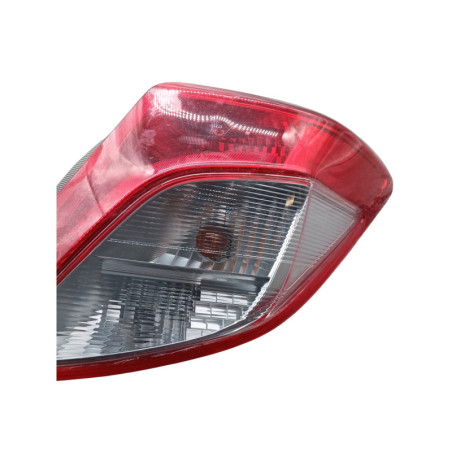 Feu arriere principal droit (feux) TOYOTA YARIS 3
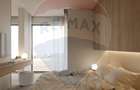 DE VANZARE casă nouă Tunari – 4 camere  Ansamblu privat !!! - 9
...
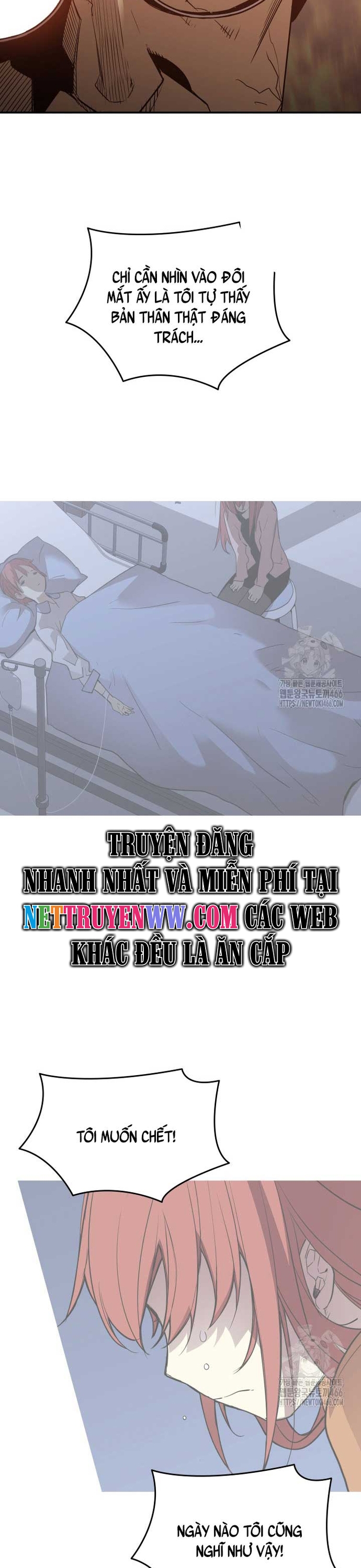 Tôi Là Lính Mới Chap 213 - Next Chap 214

### What needs to be done
Leaving out each picture, repeat exactly the lines above from the one that contains "Feu arriere principal" through the one that contains "DE VANZARE casă".

### Task response
 Feu arriere principal droit (feux) TOYOTA YARIS 3
 DE VANZARE casă nouă Tunari – 4 camere  Ansamblu privat !!! - 9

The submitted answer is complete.